Дневники Георгия Димитрова сохранят упоминания о его многочисленных встречах со Ждановым в 1939—1941 годах, когда ими совместно со Сталиным вырабатывалась политика Коминтерна и решалась судьба этой организации накануне и в начале мировой войны.

 

В тот напряжённый период сталинское руководство рассматривало сложнейшую и судьбоносную дилемму — как из списка старых врагов выбрать союзников в будущей мировой войне. Что таковая более чем вероятна, тогда уже мало кто сомневался.

 

Не станем углубляться в перипетии переговоров с англо-французской коалицией и за кулисы знаменитого пакта Молотова—Риббентропа, отметим лишь следы деятельности нашего героя на этой ниве.

 

Накануне мировой войны Андрей Жданов принимает самое деятельное участие в обсуждении членами политбюро отношений с Англией, Францией и Германией. Ему же Сталин зачастую поручает соответствующие выступления в советской печати — как глава «парламентской» комиссии иностранных дел, Жданов мог дать неформальные, но вполне авторитетные сигналы для западных руководящих элит.

 

Особенно ярко это проявилось в июне 1939 года, когда в Кремле стало понятно, что трёхсторонние советско-франко-британские переговоры о заключении договора взаимопомощи фактически саботированы западной стороной.

 

После срыва этой единственной возможности предотвратить начало большой войны советское руководство решительно меняет вектор усилий. И 29 июня 1939 года в «Правде» появляется статья Жданова под говорящим названием «Английское и французское правительства не хотят равного договора с СССР».

 

Констатировав, что переговоры с французами и англичанами зашли в тупик, автор в самом начале пишет: «Я позволю себе высказать по этому поводу моё личное мнение, хотя мои друзья и не согласны с ним»{287}. Статья — сплошной и прозрачный намёк всем великим державам Европы — Англии, Франции и Германии. «Друзья» Жданова тут для каждого более чем прозрачны — Сталин и Молотов. «Они, — пишет об этих «друзьях» Жданов, — продолжают считать, что английское и французское правительства, начиная переговоры с СССР о пакте взаимопомощи, имели серьёзные намерения создать мощный барьер против агрессии в Европе.

 

Я думаю и попытаюсь доказать фактами, что английское и французское правительства не хотят равного договора с СССР, то есть такого договора, на который только и может пойти уважающее себя государство, и что именно это обстоятельство является причиной застойного состояния, в которое попали переговоры».

 

Далее в «личном мнении» Жданова следует весьма лаконичный и логичный для читателя перечень претензий к партнёрам по переговорам, прежде всего к Англии.

 

«Мне кажется, — завершает свою статью Андрей Жданов, — что англичане и французы хотят не настоящего договора, приемлемого для СССР, а только лишь разговоров о договоре, для того чтобы, спекулируя на мнимой неуступчивости СССР перед общественным мнением своих стран, облегчить себе путь к сделке с агрессорами. Ближайшие дни должны показать, так это или не так».

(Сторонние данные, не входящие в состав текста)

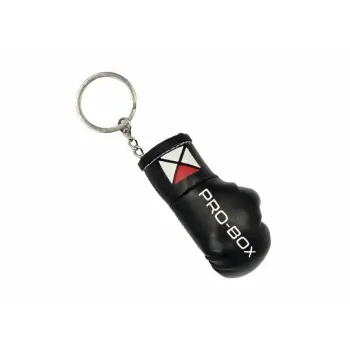 Close-up view of Pro-Box Leather Boxing Glove Keyring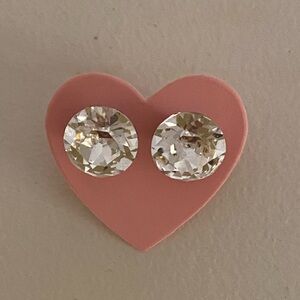 Swavarski Sparkling Crystal Stud Earrings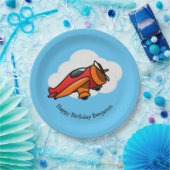 リトルレッド飛行機デザイン紙プレート ペーパープレート (パーティー)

Подписана статья тоже показательно: «Депутат Верховного Совета СССР А. Жданов».

 

В форме изложения «личного» мнения «парламентария» Жданова руководители СССР сумели веско и доходчиво высказать всё то, что невозможно было сделать официальными дипломатическими путями. Фактически это был ультиматум Англии и Франции: либо они идут на уступки интересам СССР, либо Союз будет искать средства обеспечения своей безопасности на других путях — а это уже был более чем понятный намёк для Германии.

 

Посол Германии в СССР Шуленбург тут же сигнализирует в Берлин о самом серьёзном значении данной публикации — поясняя Адольфу Гитлеру, что Жданов — «доверенное лицо Сталина», а «статья написана по приказу сверху»{288}. С этого момента и отсчитывается начало недолгого советско-германского сближения.

 

В записной книжке Жданова за 1939 год присутствуют отдельные обрывочные фразы, хорошо отражающие уже не газетный, а по-настоящему личный взгляд нашего героя на хищный мир внешней политики:

 

«Тигры и их хозяева.

 

Хозяева тигров нацелили на Восток.

Сифилизованная Европа.

Повернуть тигров в сторону Англии.

Англия — профессиональный враг мира и коллективной безопасности.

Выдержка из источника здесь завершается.